Court name
Supreme Court of Uganda
Judgment date
3 April 2018

Buhingiro v Uganda (Criminal Appeal-2014/) [2018] UGSC 3 (03 April 2018);

Cite this case
[2018] UGSC 3
Short summary:

Civil Procedure

Coram
Arach Amoko, JSC
Mwangusya, JSC
Opio, JSC

THE REPUBLIC OF UGANDA

IN THE SUPREME COURT OF UGANDA AT KAMPALA

CRIMINAL APPEAL NO. 08 OF 2014

 

(Coram: Katureebe C.J.; Arach Amoko; Mwangusya; Opio Aweri; Mwondha JJSC)

BETWEEN

TITO BUHINGIRO …………………….……….............................. APPELLANT

 

  1.  

UGANDA .............................................................................. RESPONDENT

 

[Appeal against the judgment of the Court of Appeal, at Kampala Criminal Appeal No. 15 of 2011 delivered on the 9th April 2014 by Kasule, Buteera and Prof.
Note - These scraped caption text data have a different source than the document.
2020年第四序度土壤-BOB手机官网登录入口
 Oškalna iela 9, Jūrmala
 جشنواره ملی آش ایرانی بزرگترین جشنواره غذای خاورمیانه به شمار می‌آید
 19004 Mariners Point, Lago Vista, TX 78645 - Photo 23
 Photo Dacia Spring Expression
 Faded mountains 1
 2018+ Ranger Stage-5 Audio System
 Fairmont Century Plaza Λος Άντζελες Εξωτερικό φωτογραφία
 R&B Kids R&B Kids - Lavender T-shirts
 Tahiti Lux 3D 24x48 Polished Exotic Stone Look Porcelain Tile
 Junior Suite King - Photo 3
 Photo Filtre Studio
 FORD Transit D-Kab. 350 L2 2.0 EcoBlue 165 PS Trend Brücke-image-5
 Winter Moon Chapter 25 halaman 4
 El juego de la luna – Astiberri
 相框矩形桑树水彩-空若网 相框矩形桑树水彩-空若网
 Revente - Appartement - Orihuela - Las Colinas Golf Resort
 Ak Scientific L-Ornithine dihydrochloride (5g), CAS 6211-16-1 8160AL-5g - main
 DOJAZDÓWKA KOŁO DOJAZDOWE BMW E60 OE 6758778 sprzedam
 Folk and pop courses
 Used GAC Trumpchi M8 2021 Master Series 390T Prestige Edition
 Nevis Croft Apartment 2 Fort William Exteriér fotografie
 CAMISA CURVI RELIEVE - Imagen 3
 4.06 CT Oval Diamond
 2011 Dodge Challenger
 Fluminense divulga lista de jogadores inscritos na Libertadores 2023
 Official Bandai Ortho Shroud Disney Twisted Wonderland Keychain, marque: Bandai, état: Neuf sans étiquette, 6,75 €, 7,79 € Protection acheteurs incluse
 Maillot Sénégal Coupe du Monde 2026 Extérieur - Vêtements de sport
Lilian Tibatemwa-Ekirikubinza; JJA]

JUDGMENT OF THE COURT

This is an appeal from the decision of the Court of Appeal which upheld the conviction of the appellant by the High Court for the offence of Aggravated Robbery contrary to sections 285 and 286(2) of the Penal Code Act and a sentence of 19 years imprisonment.

The brief background of the case as presented by the prosecution is that BAHATI YASIN (PW2) is a clean coffee dealer based at Ishaka, Bushenyi District.  The appellant used to be a Transporter who owned a lorry (Mercedes Benz) 1820) white in colour with a green band in the middle.  On 1st July 2007 the  appellant was introduced to  Bahati who loaded 20 tonnes of clean coffee to be transported to Ibelo Industrial Area Kampala at a fee  of Shs800,000/= out of which shs. 200,000 was paid to the appellant.  The loading was done at Ishaka and Kabale.  PW2 instructed one of his workers, Umar Nsubuga (PW1) to travel with the appellant and ensure that the coffee was delivered.  On boarding the lorry Nsubuga found two people seated in front of the lorry and they were joined by two others at the Mbarara Weighbridge.  The appellant told PW1 that the two men at the Weighbridge were his friends who were travelling to Kampala to collect spare parts for their motor vehicle.  However, shortly afterwards the two attacked PW1 whom they assaulted.  He was tied with a rope and blindfolded.  The appellant and one of the assailants pulled out a pistol and demanded for money from him.  In the meantime the appellant drove the lorry from the main road branching off to a murram road. Eventually the group reached a place where they off loaded all the coffee from the lorry.  Later the appellant drove the lorry back to the main Road.  PW1 who was still blindfolded was abandoned at a place which he recognised as Naalya in Kampala. 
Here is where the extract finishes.